=== EXERCISE INSTRUCTIONS ===
Each line from the one bearing "Womens Multiple System" through the last line of the entries below should be returned exactly, with pictures left out.
___ EXTRACTED INFORMATION ___
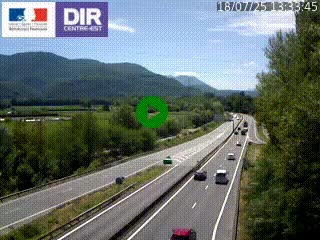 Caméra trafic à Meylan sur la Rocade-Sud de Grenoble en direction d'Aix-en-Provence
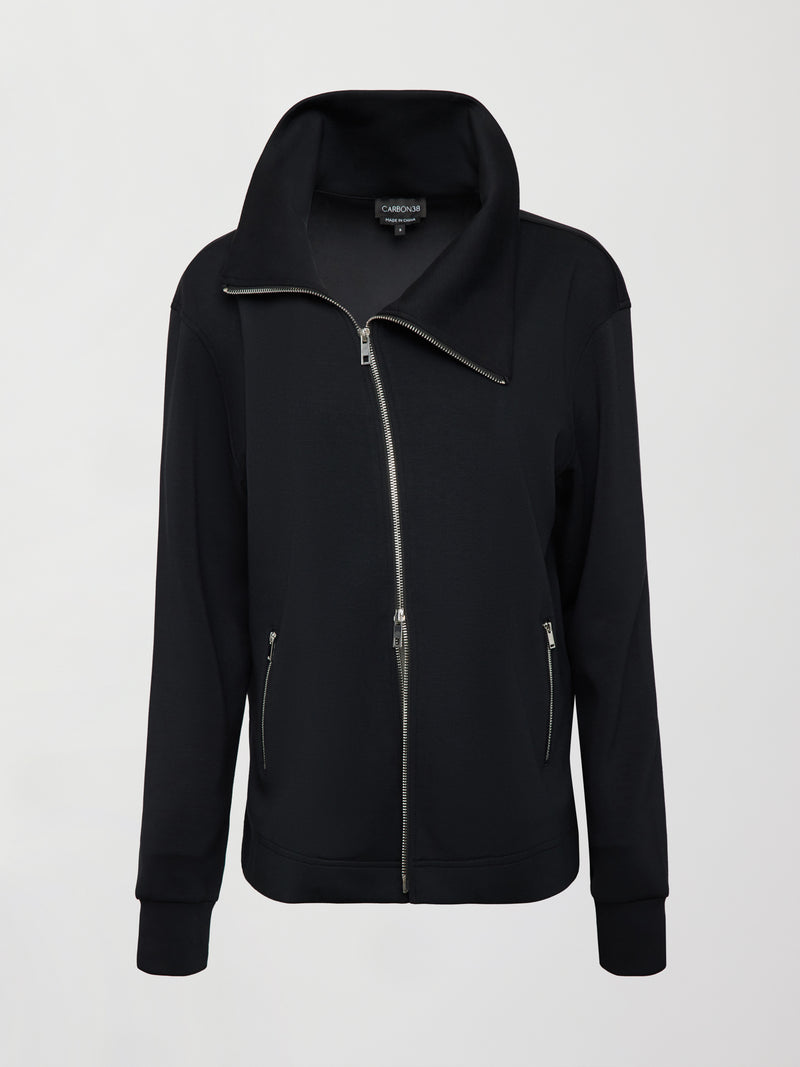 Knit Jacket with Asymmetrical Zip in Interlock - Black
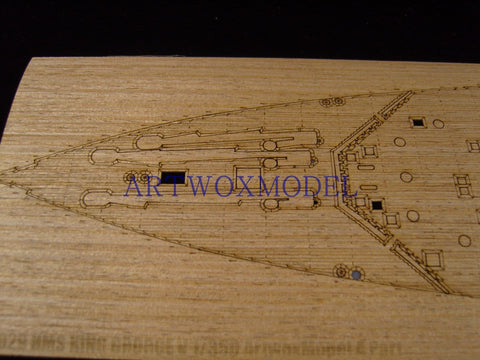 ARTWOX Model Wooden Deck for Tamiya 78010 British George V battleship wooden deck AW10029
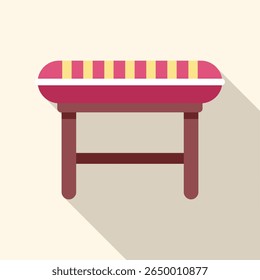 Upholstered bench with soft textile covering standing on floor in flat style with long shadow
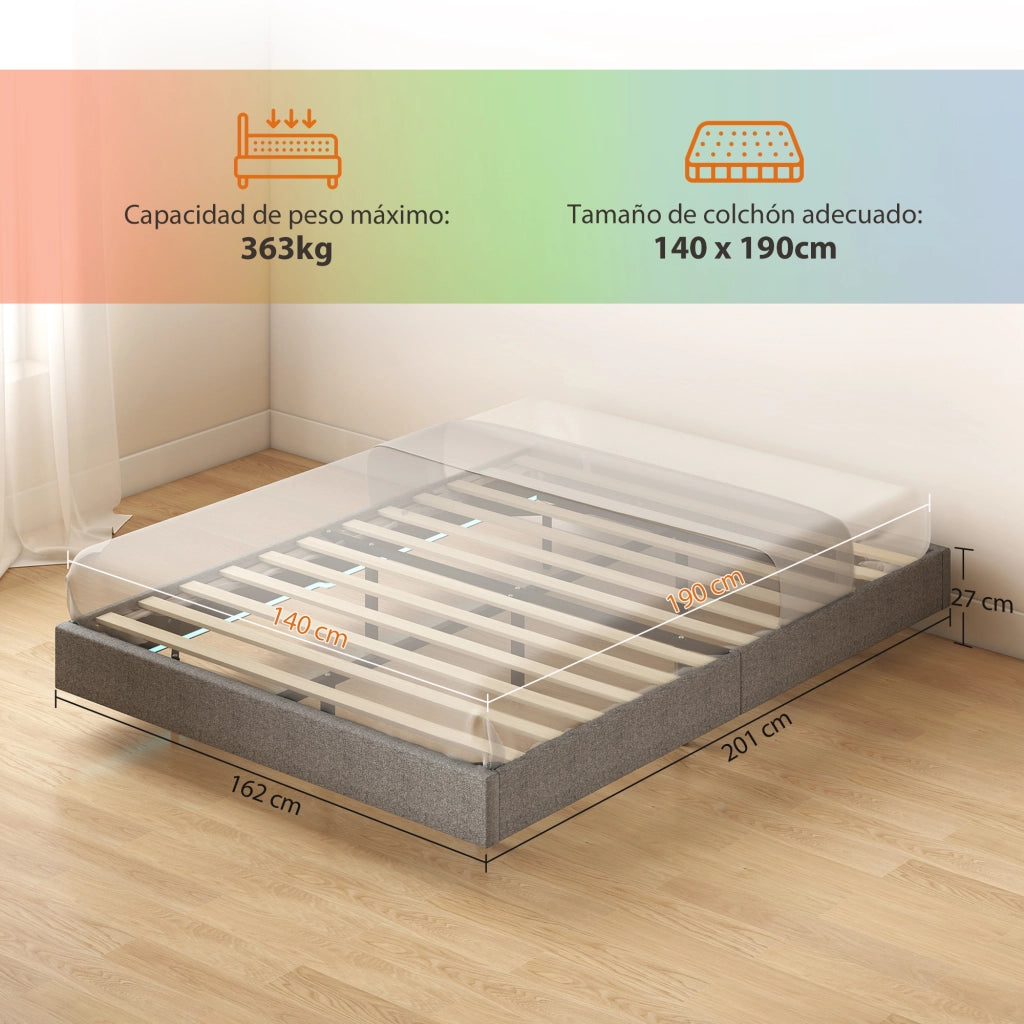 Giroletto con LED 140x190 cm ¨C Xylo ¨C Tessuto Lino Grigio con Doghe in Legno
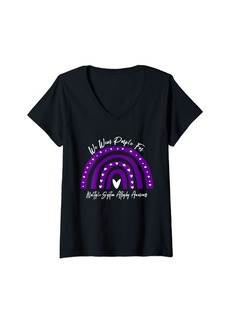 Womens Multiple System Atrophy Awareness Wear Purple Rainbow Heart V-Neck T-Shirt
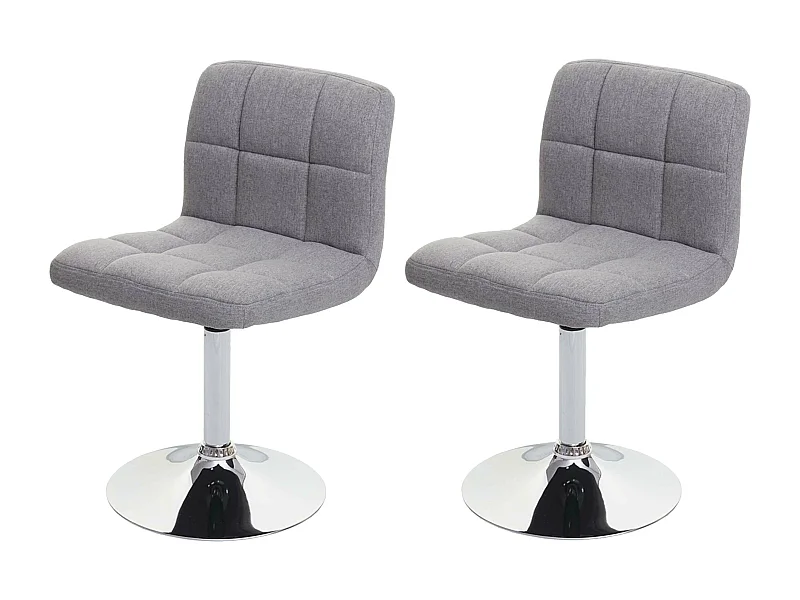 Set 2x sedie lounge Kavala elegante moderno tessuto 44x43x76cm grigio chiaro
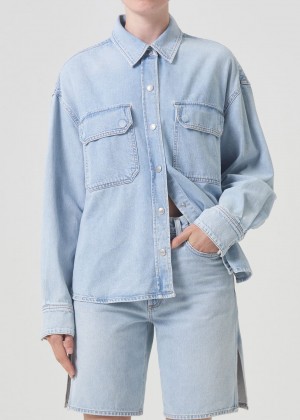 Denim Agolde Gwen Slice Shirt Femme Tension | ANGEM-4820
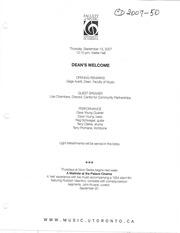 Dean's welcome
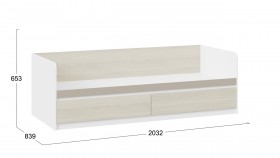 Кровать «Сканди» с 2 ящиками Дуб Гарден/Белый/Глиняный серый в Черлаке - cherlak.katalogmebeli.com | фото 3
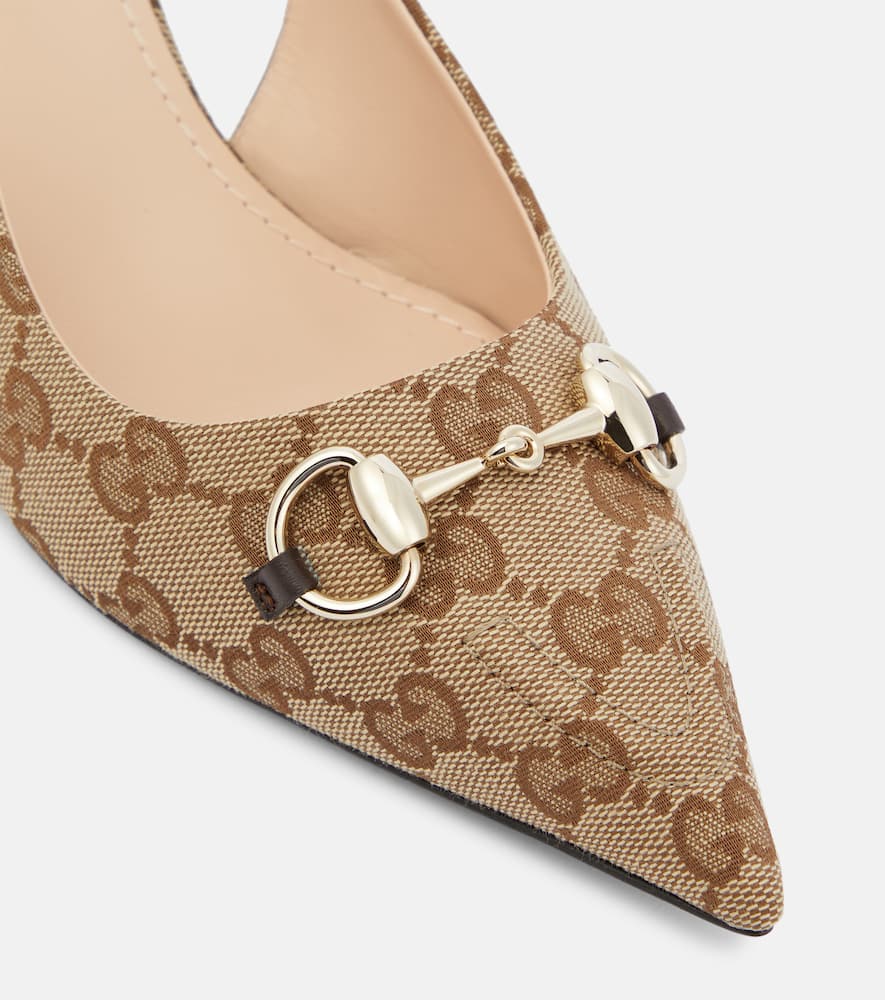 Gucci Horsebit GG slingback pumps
___
=== RESPONSE AREA ===
 Womens Multiple System Atrophy Awareness Wear Purple Rainbow Heart V-Neck T-Shirt
 Set 2x sedie lounge Kavala elegante moderno tessuto 44x43x76cm grigio chiaro
 Denim Agolde Gwen Slice Shirt Femme Tension | ANGEM-4820
 Dean's welcome
 Кровать «Сканди» с 2 ящиками Дуб Гарден/Белый/Глиняный серый в Черлаке - cherlak.katalogmebeli.com | фото 3
 Gucci Horsebit GG slingback pumps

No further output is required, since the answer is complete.